Gunwalking Controversy

The Attorney General testified about mistakes in front of Congress Wednesday.
Transcript

Shelby: In the past five years, 94,000 weapons were recovered in Mexico. Nearly two-thirds of them have been traced to American sources. That is why U.S. officials came up with an operation to crack down on the illegal gun trade. But things didn’t go as planned, and now some are answering to Congress.

For the first time, Attorney General Holder made a difficult admission to Congress this week.

Attorney General Holder: Any instance of so-called gunwalking is unacceptable. Regrettably, this tactic was used as part of Fast and Furious.

Shelby: Under Holder’s supervision, Operation Fast and Furious was supposed to be a sting. Using a technique known as gunwalking, the Bureau of Alcohol, Tobacco and Firearms, or ATF, was to trace high-powered weapons as they illegally crossed the U.S./Mexico border and walked into the hands of criminals. The goal was to take down a Mexican drug cartel, but the operation backfired. Some of the more than 2,000 guns that were allowed to cross the border showed up at crime scenes in Arizona and Mexico. Two of them were found at the murder scene of border patrol agent Brian Terry. Now, Holder and the ATF are under fire.

“I feel like we’ve been betrayed by our government in Washington, D.C. and we need answers.”

“To arm the criminals that come through our state, in transporting drugs and transporting people is unconscionable.”

Shelby: Kept in the dark about the operation taking place in their own state, Arizona sheriffs demanded an independent investigation of Fast and Furious.

Holder has been widely accused of being dishonest about Fast and Furious. But this week, he defended his position in front of a senate committee.

“Would you like to apologize today for this program that went so wrong, that took the life of a United States law enforcement agent?”

Holder: I certainly regret what happened to Agent Brain Terry. It is not fair. However, to assume that the mistakes that happened in Fast and Furious directly led to the death of Agent Terry…”

Shelby: There is evidence that Holder received memos about Fast and Furious as early as July 2010. But Holder’s office sent a letter to Congress denying gunwalking in February of this year.

This week, holder faced questions about the letter.

Holder: It contains… What I said was it contains inaccurate information.

“Well, isn’t that false?”

Holder: Well, false,… I don’t want to quibble with you but false, I think, implies people making a decision to deceive.

Shelby: Holder also told the committee that he had called for an investigation, but some people weren’t convinced.

“We’ve heard five different stories and every time we hear one it’s different. We never got a straight answer.”

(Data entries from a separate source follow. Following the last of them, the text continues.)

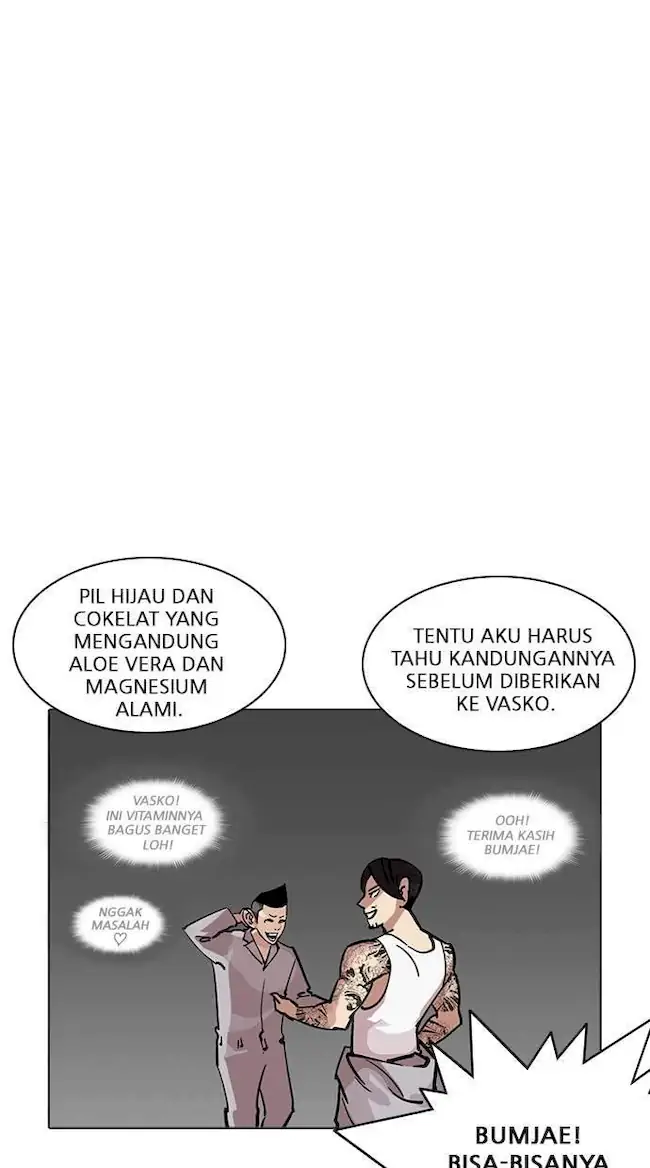 Lookism Bab 217 halaman 16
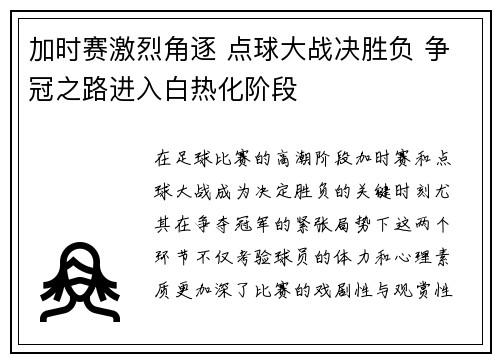 加时赛激烈角逐 点球大战决胜负 争冠之路进入白热化阶段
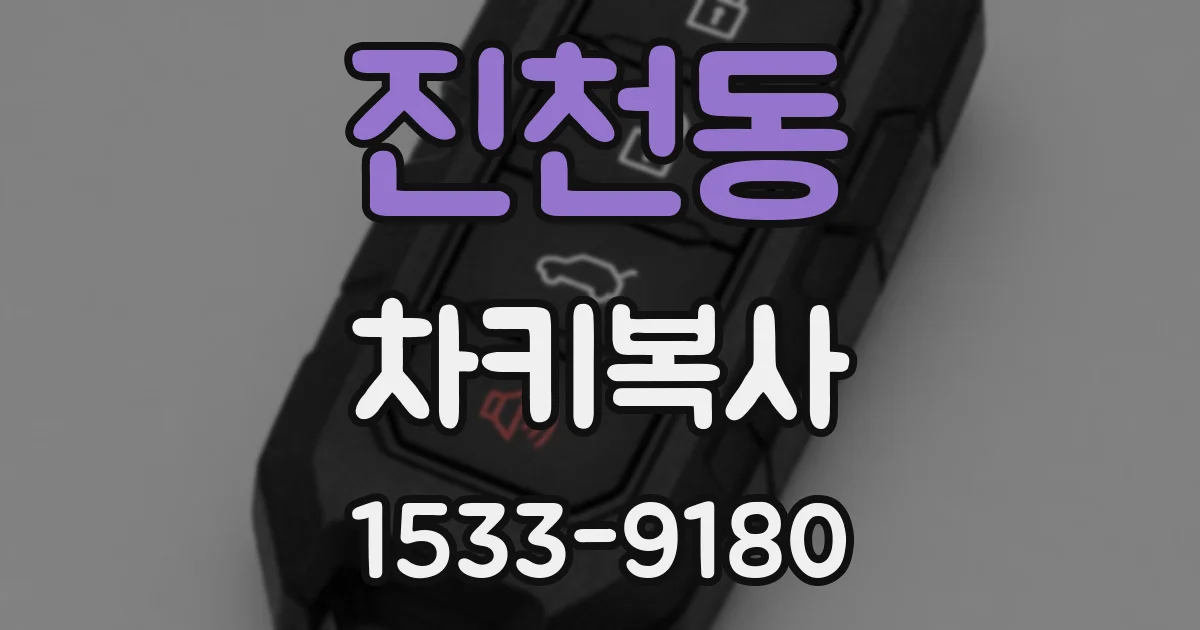 진천동 차키복사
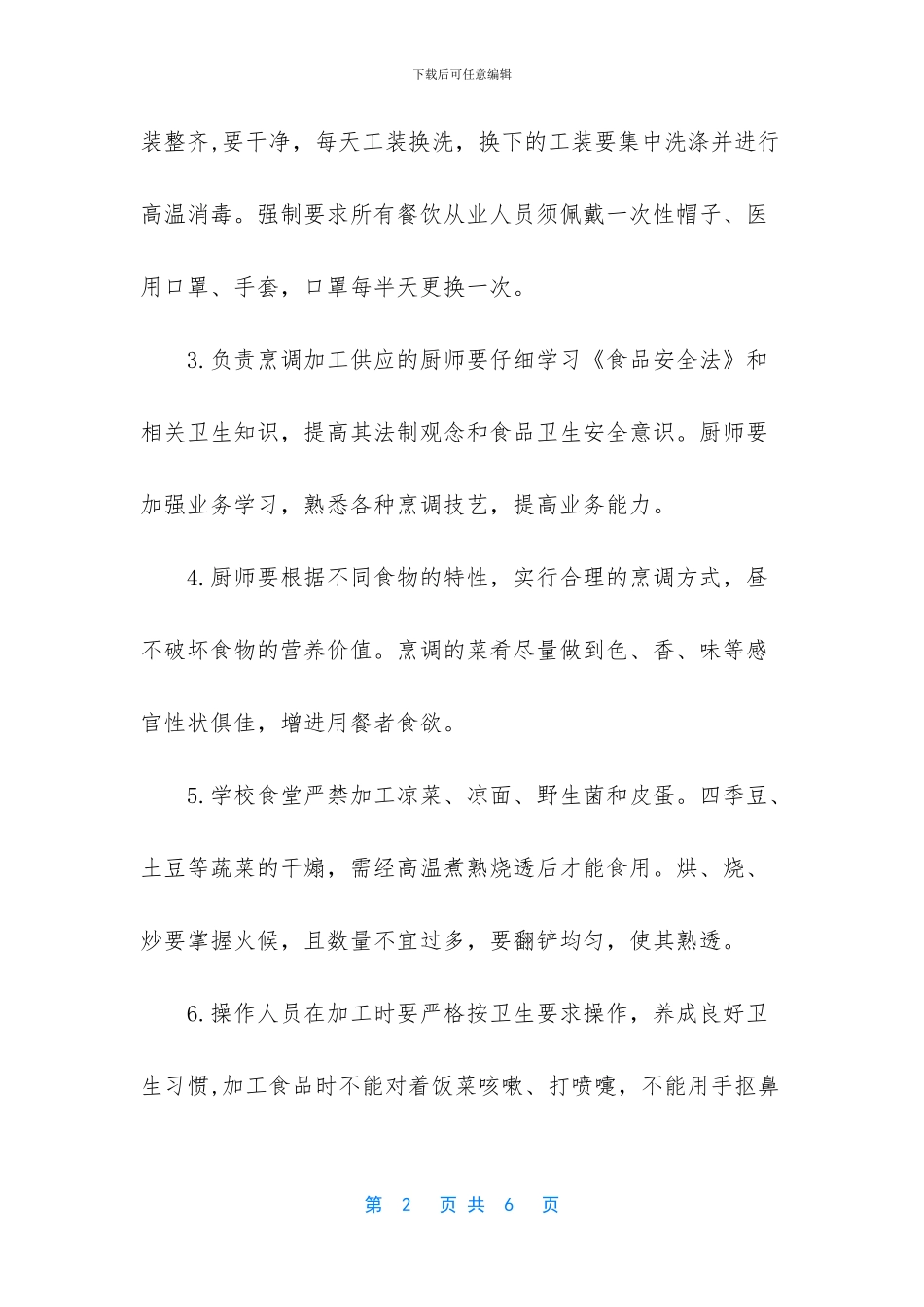 学校开学复课后疫情期间食堂餐厅供餐管理制度2篇_第2页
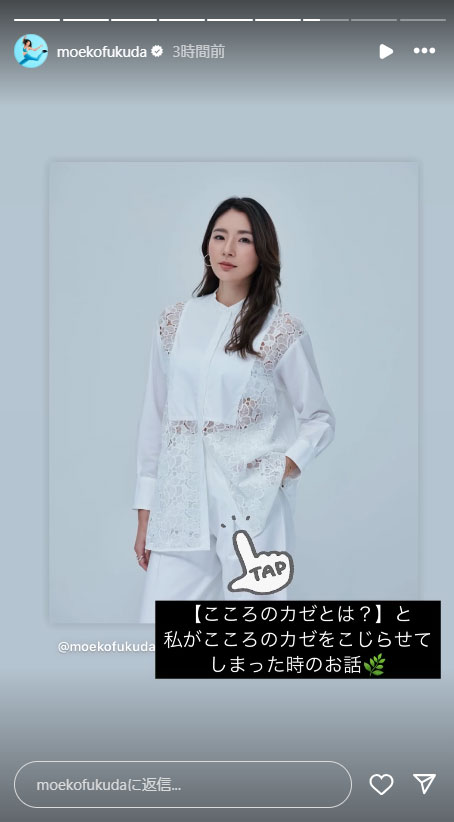 福田萌子のインスタグラムから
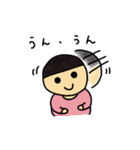 ほのぼのたろちゃん（個別スタンプ：37）
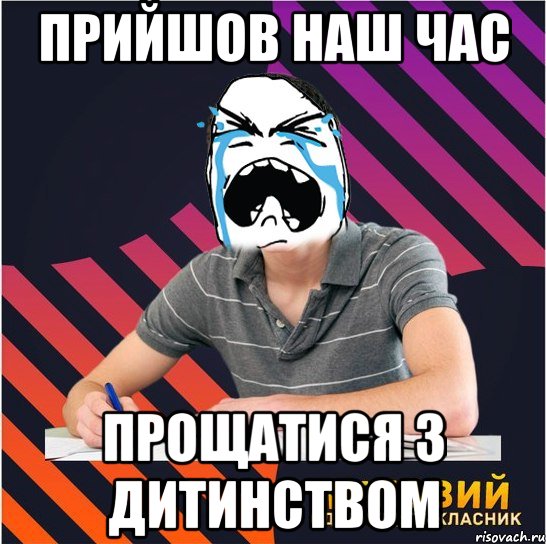 прийшов наш час прощатися з дитинством, Мем Типовий одинадцятикласник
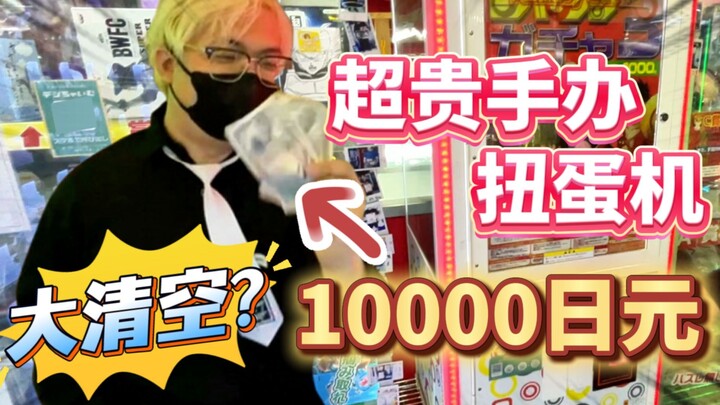 10.000 yen untuk menantang mesin gashapon figur super mahal, apakah ada hadiah utama?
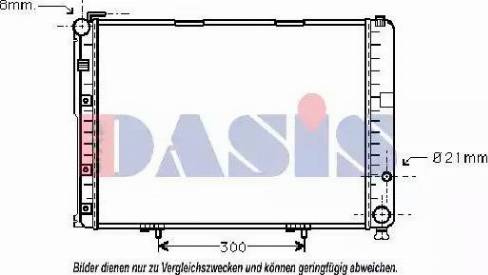 AKS Dasis 120049N - Радиатор, охлаждане на двигателя vvparts.bg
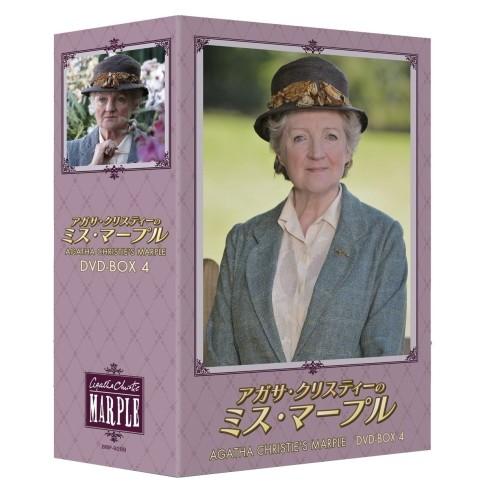 新品 アガサ・クリスティーのミス・マープル DVD-BOX 4 （DVD） BIBF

Shelby: Agent Terry’s parents, who watched the hearing, say they are still waiting for someone to take responsibility for the weapons found at the scene of their son’s murder.

“I just couldn’t believe they let those guns over the boarder. I think that they know they did wrong and if it wasn’t for Brain’s death, I don’t think… I think this would still being going on.”

 

Attorney general holder admitted the operation was flawed and said it “must never happen again,” but the questioning is far from over- holder and other officials will likely be called to testify at more hearings in the coming weeks.